Task goal | Would you write out the entries that follow word for word, omitting any images?

Source material |

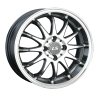 Диск LS299 6*15 45 4*100 73,1 GMF LS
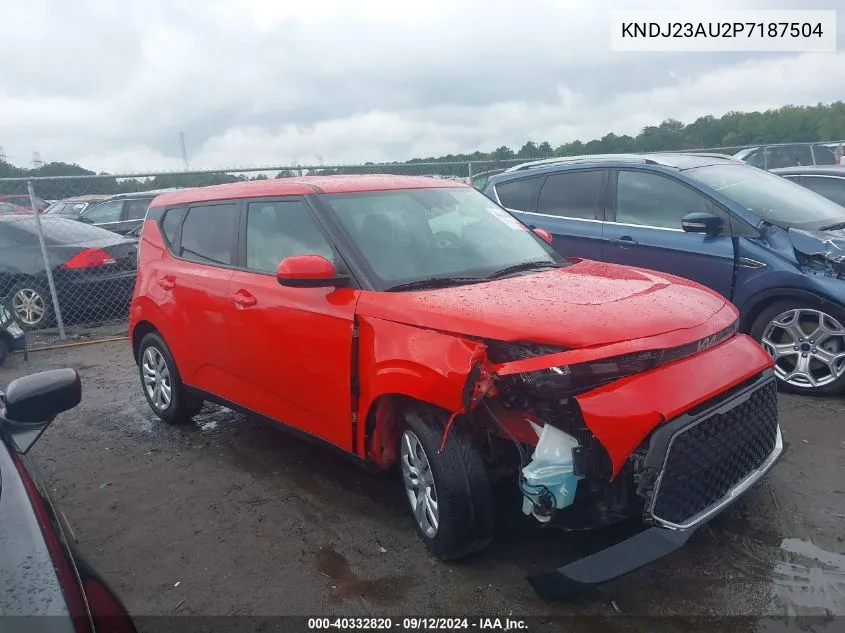 2023 Kia Soul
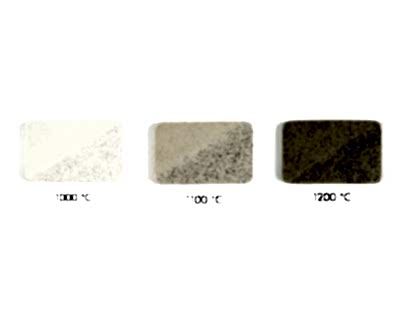 Goerg & Schneider - Goerg & Schneider 258 %25 Siyah Şamotlu 0-0,5 mm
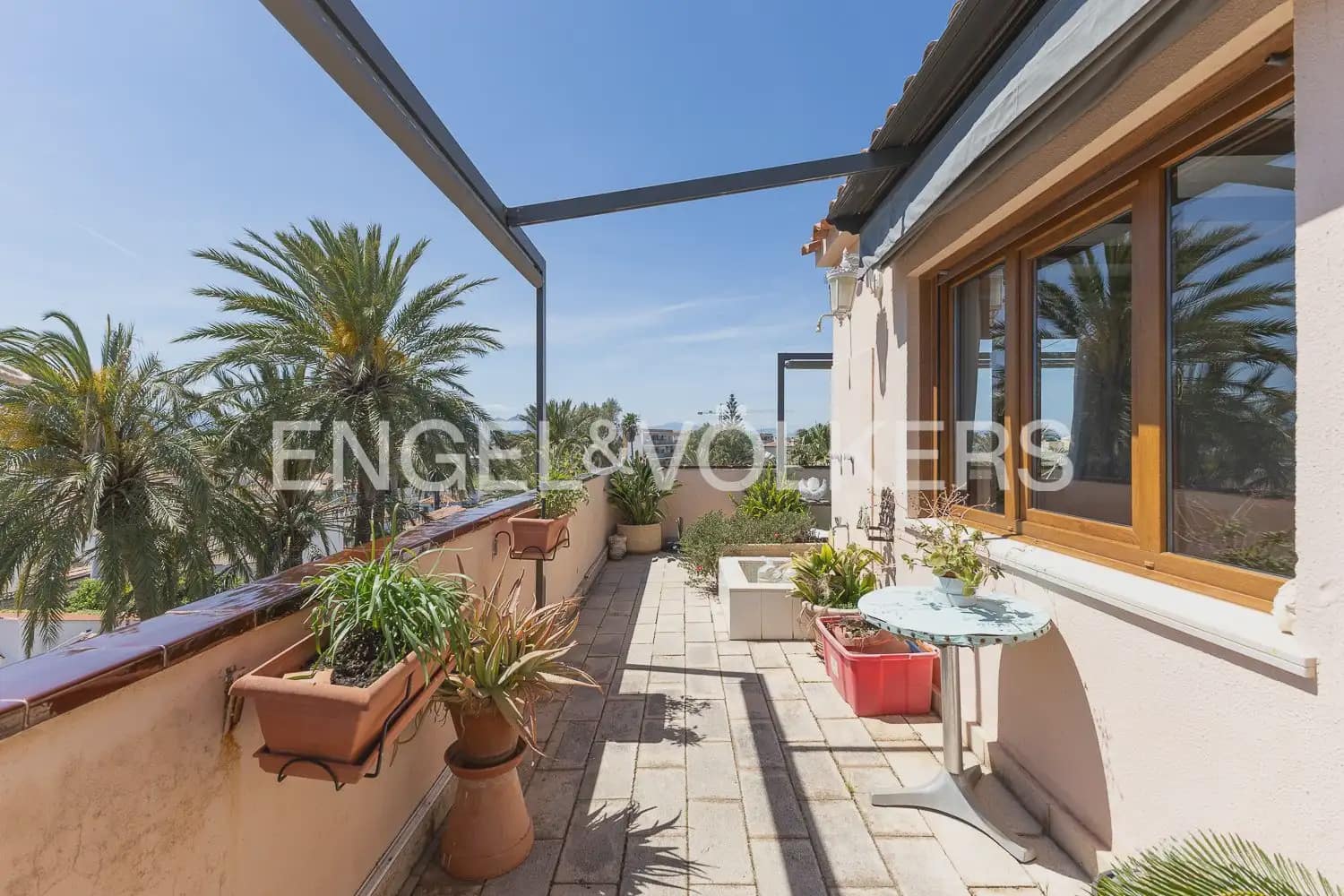 2 soverom Penthouse til salgs i Denia med svømmebasseng - € 477 000 (Ref: 9898094)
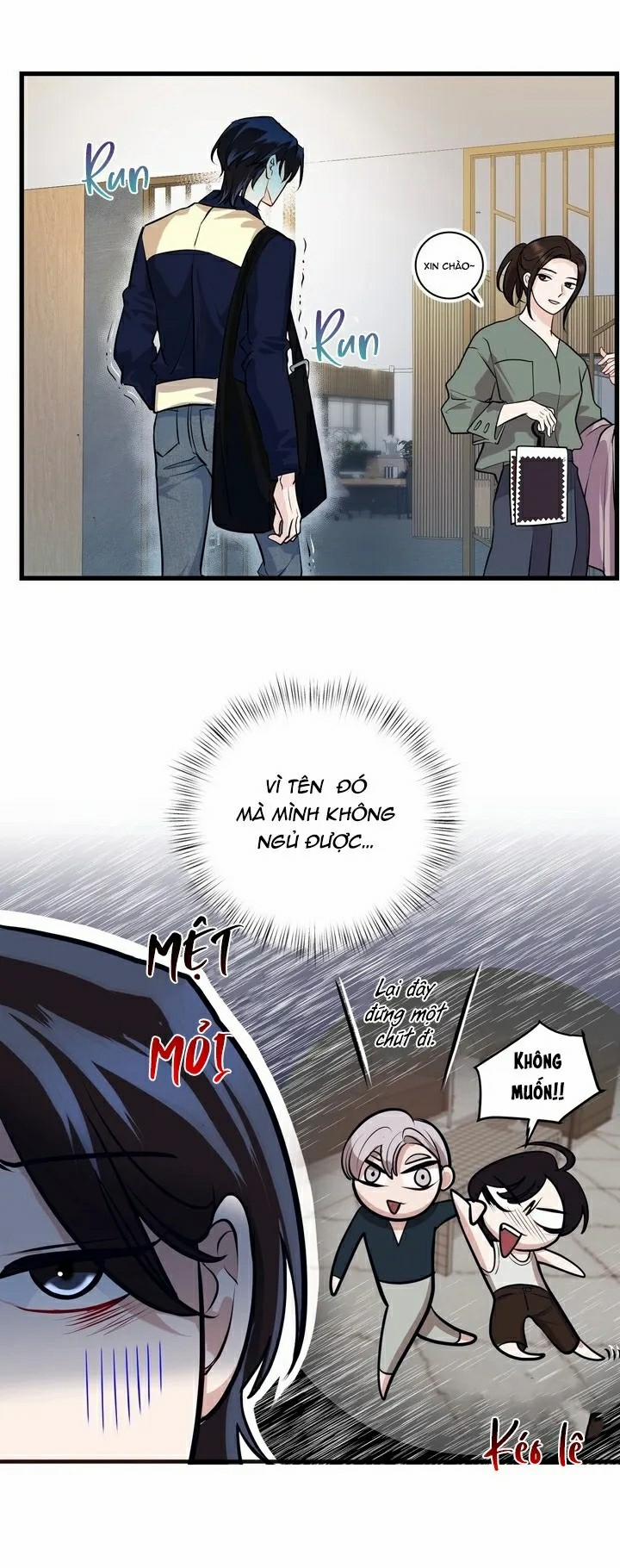 Mối Quan Hệ Khiêu Gợi 7 trang 22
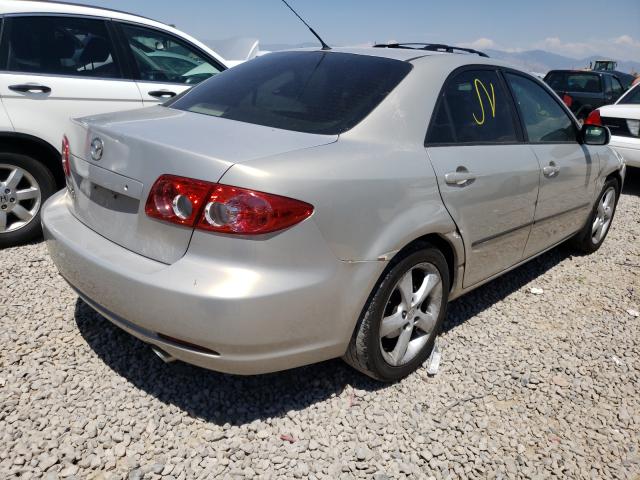 Photo 4 from auction – 2007 MAZDA 6 I with VIN 1YVHP80C175M24401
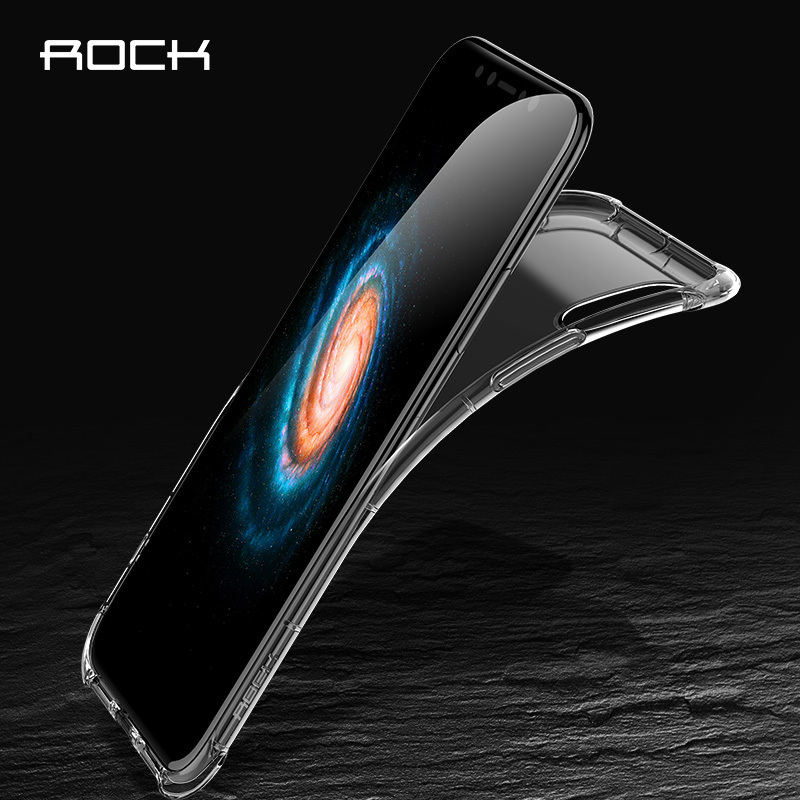 iPhone X 晶盾S系列保护套 透明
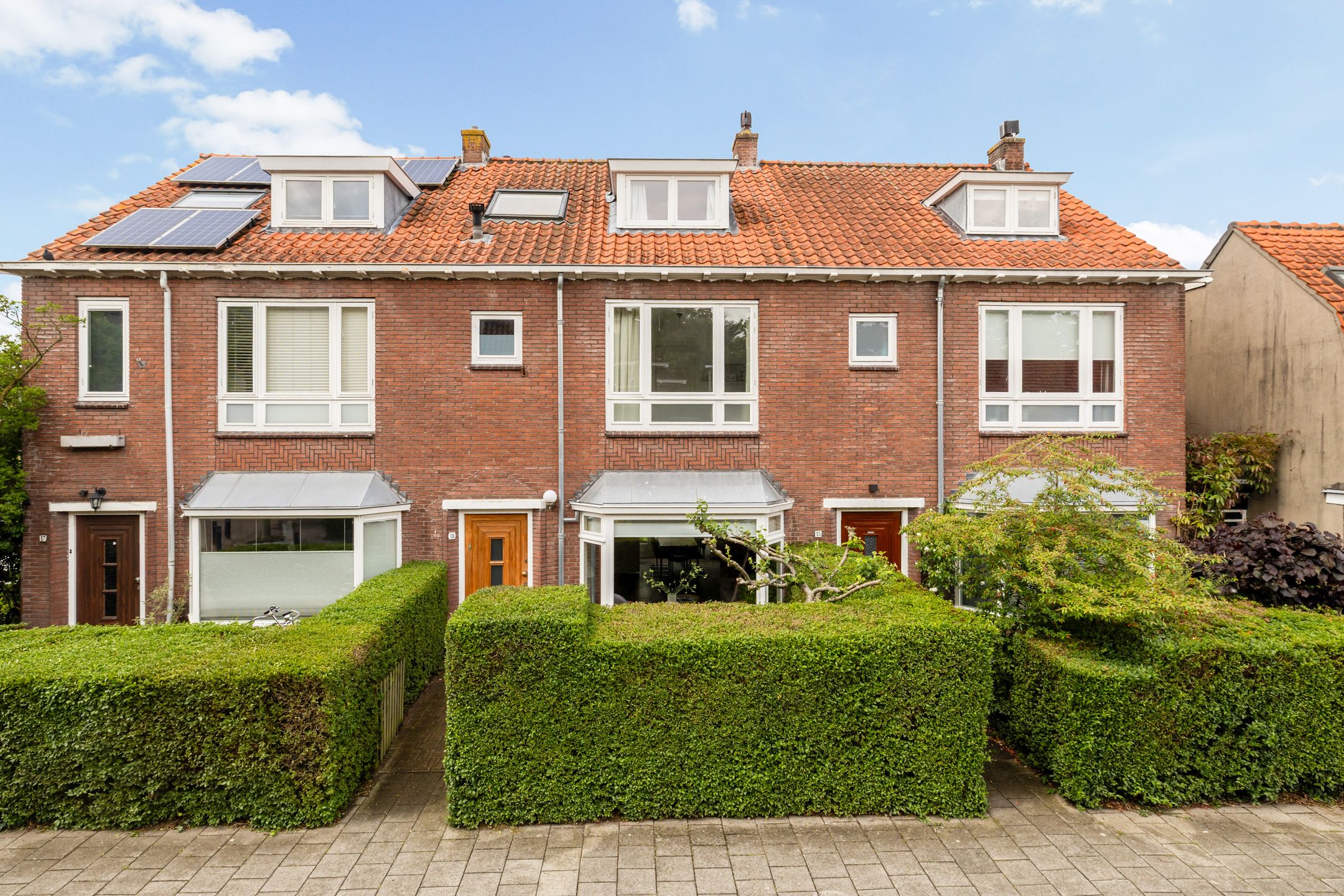 Foto van Johannes Vermeerstraat 15, Utrecht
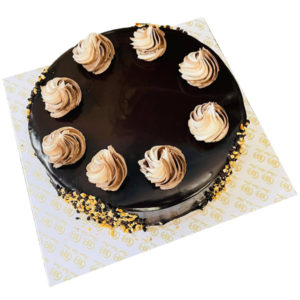 Chocolate Sponge Cake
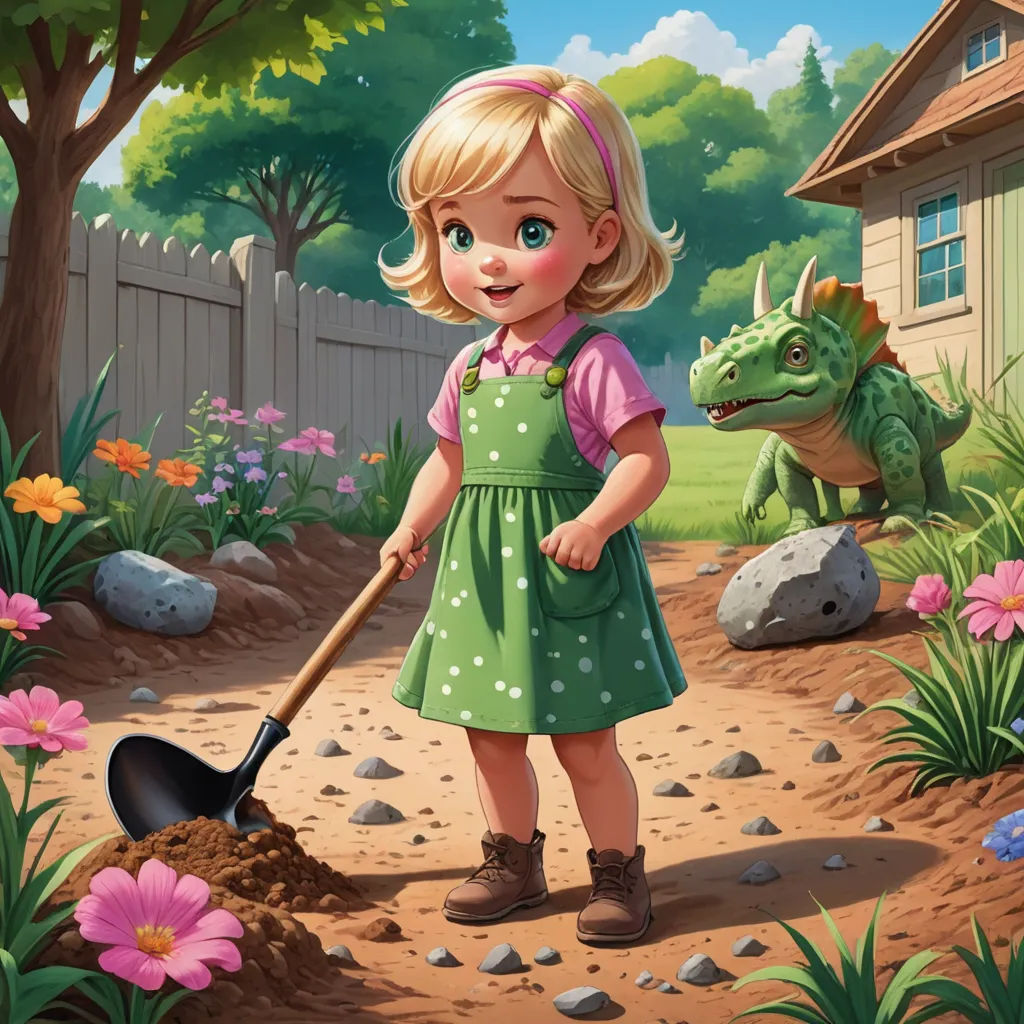 The Dinosaur's Secret cover image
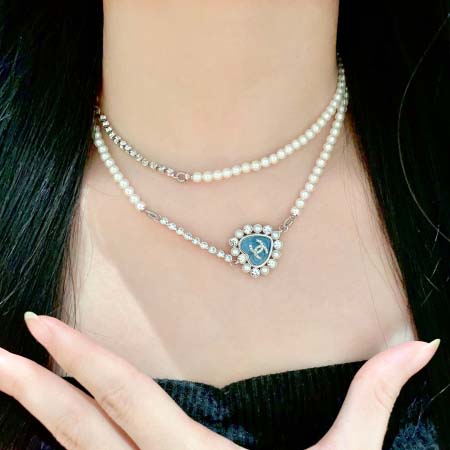 2026年2月2日入荷新品シャネルネックレスギフト/誕生日/記念品/アクセサリーxin工場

Output below |
 Диск LS299 6*15 45 4*100 73,1 GMF LS
 2023 Kia Soul
 Goerg & Schneider - Goerg & Schneider 258 %25 Siyah Şamotlu 0-0,5 mm
 2 soverom Penthouse til salgs i Denia med svømmebasseng - € 477 000 (Ref: 9898094)
 Mối Quan Hệ Khiêu Gợi 7 trang 22
 Photo 4 from auction – 2007 MAZDA 6 I with VIN 1YVHP80C175M24401
 iPhone X 晶盾S系列保护套 透明
 Foto van Johannes Vermeerstraat 15, Utrecht
 Chocolate Sponge Cake
 The Dinosaur's Secret cover image
 2026年2月2日入荷新品シャネルネックレスギフト/誕生日/記念品/アクセサリーxin工場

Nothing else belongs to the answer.